Though only three miles from town, my newly married self felt isolated and lost on this land “out in the country.” I did appreciate the azaleas and the many fine native dogwoods growing there, but being unused to anything wild, I did not even recognize what poison ivy looked like. Thankfully a wise friend finally took pity on me and announced one day she was coming over to walk me around our property to point out the poison ivy, so I could know what to avoid. It took a while but we eventually managed to get that pesky plant under control.
There were too many trees in my opinion and the soil—in addition to being covered with tree roots, the soil was heavy clay, quite opposite the rich, loamy soil of my parents’ vegetable garden.

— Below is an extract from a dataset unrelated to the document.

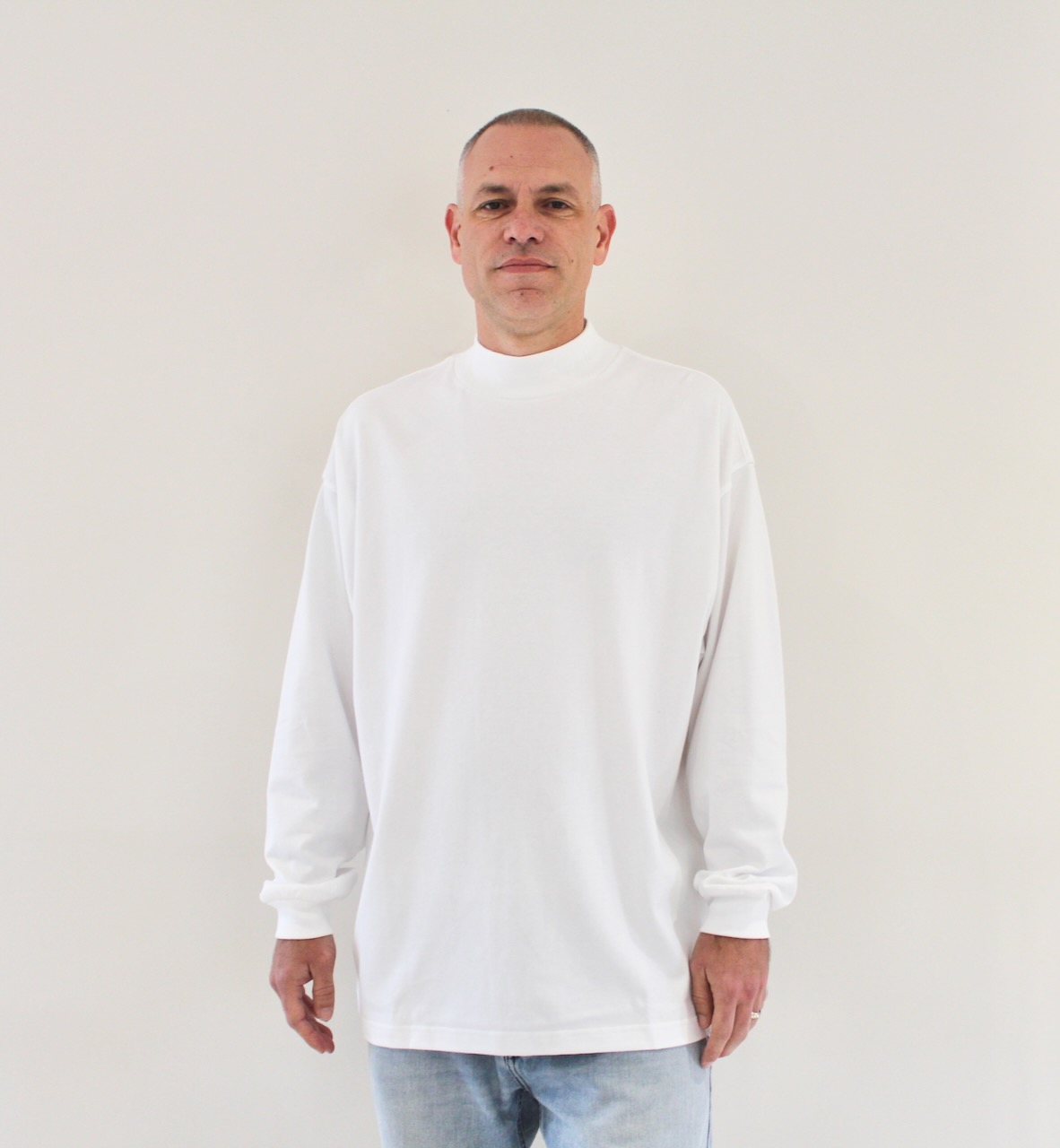 Carhartt Wip Script Mockneck T-shirt White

The first year we were married my husband and I used large (and heavy) stones picked up from along nearby roadsides to create paths and to delineate islands around groups of trees. At the sunniest edges of these islands I tried to grow flowers, but gardening was not easy for me in this shady location. Everything I wanted to grow needed sun.
Though I did not consider myself a gardener at this time, somehow the few sunny spots in our yard soon became flower beds. They were mostly filled with irises that had been passed along by my across-the-street neighbor, Henrietta. Many years later when enough trees had fallen to allow plenty of sunlight through, I decided to turn the entire front yard into a garden with islands of perennials and these irises were the starting point. The garden I created at that time is still my favorite.

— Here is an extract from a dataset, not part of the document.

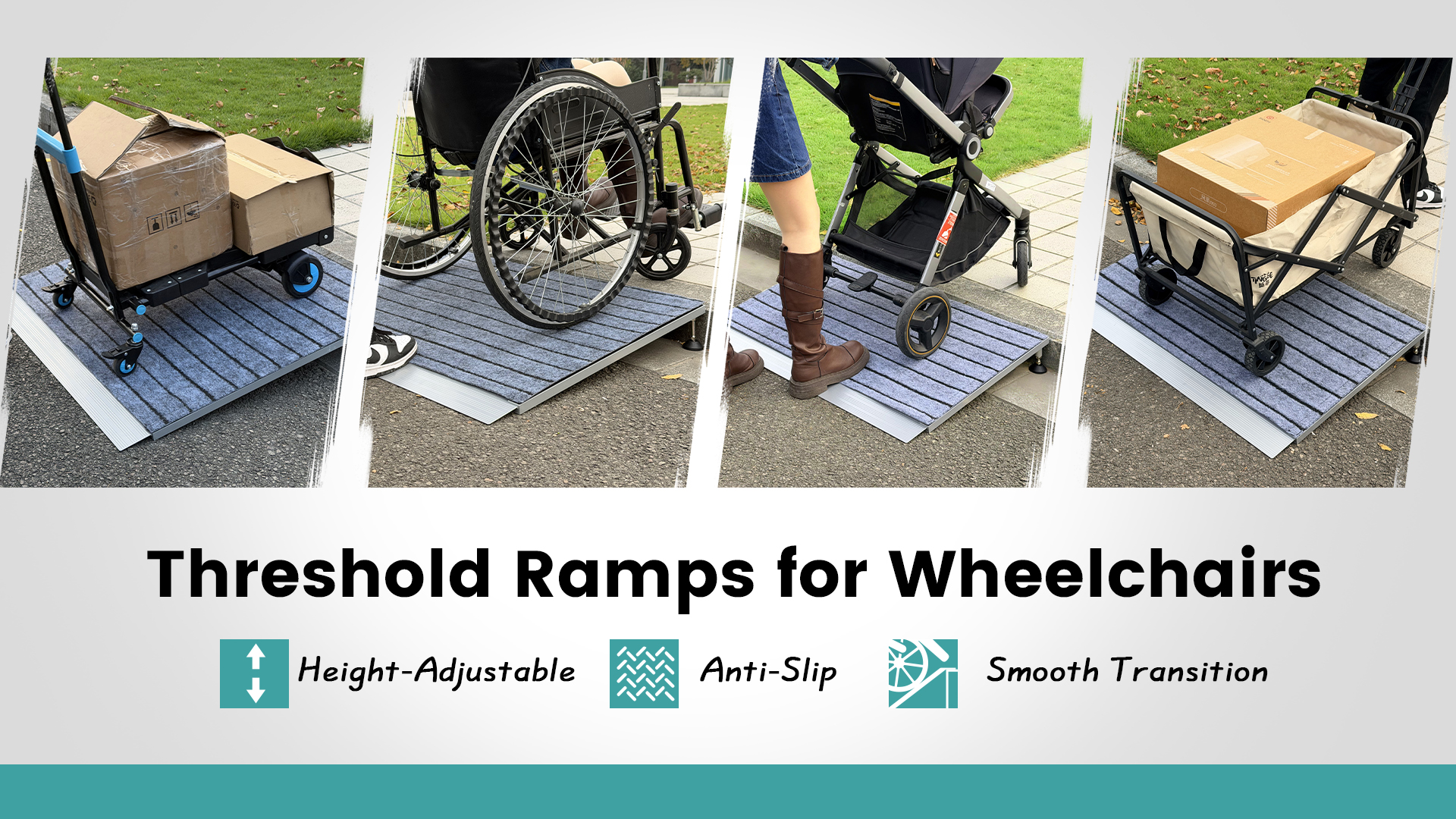 Amazon.com: Nuvium Threshold Ramps for Wheelchairs, Adjustable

By that point I had learned enough to hire someone to bring in lots of planting soil and compost to form raised beds. No more scratching around tree roots in hard clay. The year before my good friends and accross-the-street neighbors, Bill and Cecy, had made a wonderful garden in their back yard, exuberantly full of shasta daisies and yarrow, among other things They had started with loads of compost recycled from the town’s food waste, so I took a cue from them.
When Janice, my friend who earlier had taught me how to tip-toe past the poison ivy, saw the beginnings of my perennial garden, she dropped off lots of ephemeral wildflowers and other natives, such as Monarda.

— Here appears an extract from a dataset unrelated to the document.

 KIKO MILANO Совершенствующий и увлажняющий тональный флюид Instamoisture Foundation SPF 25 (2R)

I am not sure what sparked the idea to create that perennial garden. Over time I think I had become a gardener without being aware it was happening. In my memory it stands out as a respite from work and simply a beautiful place to busy my hands and free my mind.
I was fortunate to have a true gardening mentor, though when she was living, I did not know to think of her in such terms. Through the years my mother’s cousin, VIrgie, shared dozens of plants from her garden, including sweet shrub, spirea, Turk’s cap lily, phlox, tradescantia, everlasting sweet pea. When we moved to our current home many of Virgie’s plants came with me. It was the wrong time of year to be able to bring Janice’s ephemerals, but her Monarda came along and so did Henrietta’s irises.
Sadly my digital images of my previous perennial garden were lost during a painful hard-drive crash. I am still hoping to come across a printed photograph of it sometime when I take time to go through my boxes of pictures. For now I remember it circuitously by looking at this image of my first little garden near the driveway—the beginnings of a love of gardening.